So this is pretty much a total lie from Justin Webb.

Next he speaks with Matt Kibbe of Freedom Works, a major organization supporting the Tea Party movement. He really does talk about shutting down a few enormous, bloated government agencies, some of which have nearly the sacred cow status that the NHS has in Britain. Naturally, this frightens Webb, as his visceral inclination is that the State is All.

This is supposed to be the final proof that there’s something seriously wrong with the Republican Party. The thing is, the Party’s move to the right on this issue is a bad thing only if one is on the Left, and views small government as some sort of extremist position. Ol’ Justin is definitely making a value judgment here, and his personal political bias is on full display.

Katty Kay and Mark Mardell Love Far-Left Protests

I know others have mentioned the BBC’s biased coverage of the Occupiers, but I think it’s important to look at them all together, so we can see the big picture, the larger context of the BBC’s reporting. We’ve all seen by now how the BBC loves the “Occupy Wall Street” protest, as well as the copy-cat protests in other cities. Any negative aspects played down, the protesters’ mixed messages spun favorably. Now the top BBC talent in the US has gone among them, and come back with glowing reports. It makes for a stark contrast with the way Mardell and Katty reported on the Tea Party protests.

First, the unbelievable dishonesty and bias of Katty Kay:
Occupy Wall Street: Grievances without violence

I’ll pause for a moment while everyone stops laughing, and give you a chance to clean the tea off your monitors and keyboards. You read that right: Katty says there’s no violence. And it gets worse. How does she open her report?

There is something endearing about a protester who camps out on Wall Street carrying a sign that reads “I love humanity, let’s figure this s**t out together”.

OK, he wasn’t quite as discreet with the swear word, but my editors will frown if I replace the asterisks with the actual letters.

But seriously, how angry can you really sound if you begin your revolutionary bank-bashing with the words love and humanity? It is somehow so very un-European.

Awww, how sweet, eh? Like all well-constructed pieces, the Narrative is set out very clearly in the opening section: these protesters are lovely, have the best of intentions.

It’s hard to imagine, for example, the hooded youths of the London riots pausing between rock throwing and shop-looting to utter poetic affection for their fellow human beings.

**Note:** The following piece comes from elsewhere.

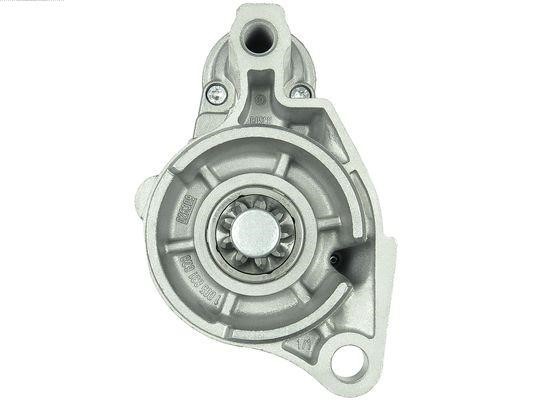 Starter motor Volkswagen Scirocco: S0682PR AS-PL Starter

Their priority was Sony or Samsung (stolen plasma TVs that is), not sitting down with their political opponents to figure out the country’s economic problems.

Who’s sitting down with political opponents here? The Occupiers are screaming at their ideological enemies. If these people honestly wanted to sit down with political opponents and figure out the country’s problems, they’d be sitting outside political offices and government buildings, going to committee meetings open to the public, etc. That’s not what they’re doing at all. Katty just made that up out of thin air.

Let’s recall how Katty opened her first report about the Tea Party movement. She opened that video piece with a quote from the President, who is one of the Tea Party’s political opponents. The people on whom she’s reporting doesn’t even get the first word. The President called for unity, she intoned, but that call was drowned out by the Tea Partiers. Before we even learn what the Tea Partiers wanted, we’re told they disrupt, divide, oppose. Oh, and let’s not forget they are angry. And that was actually the least biased, least frowning, least scaremongering report about the Tea Party movement ever done on the BBC at the time.

Yet for some odd reason Katty starts her report on the Occupiers focusing on the love. She contrasts the Occupiers with the violence of the protesters in Greece and other places, and draws the conclusion that the US is just a nicer place, so protesters don’t get violent like they do in Europe.

No, the most extraordinary thing about the US protests so far is that they have been so mild.

It took Americans a long time to jump on the European protest wagon and now they’ve finally done so, it’s with exemplary order and calm. Given how rough the American economy is, that’s quite surprising.

You ain’t seen nothing yet, Katty. (UPDATE 9:23pm: All those nice people Katty met just got up and tried to occupy Wall St. again and and got violent with the police, throwing bottles and bags of garbage at them. Imagine! How’s that hopey-changey stuff working out for ya, Katty?)
They’ve only just begun. Wait until they realize they won’t get their way immediately. She gets in her usual far-Left ideology about “growing inequality” and how the evil rich are “gobbling up” wealth while others aren’t getting richer. This is far-Left ideology, no matter which side of the argument you’re on. And she has form. For example, recently she complained that the economic crash hasn’t lasted long enough to “turn people off Capitalism”. It’s right there, out in the open. This is what Katty believes, and she reports according to her personal political beliefs. It cannot be denied. Naturally, because she holds these beliefs, she’s surprised things haven’t gotten more violent.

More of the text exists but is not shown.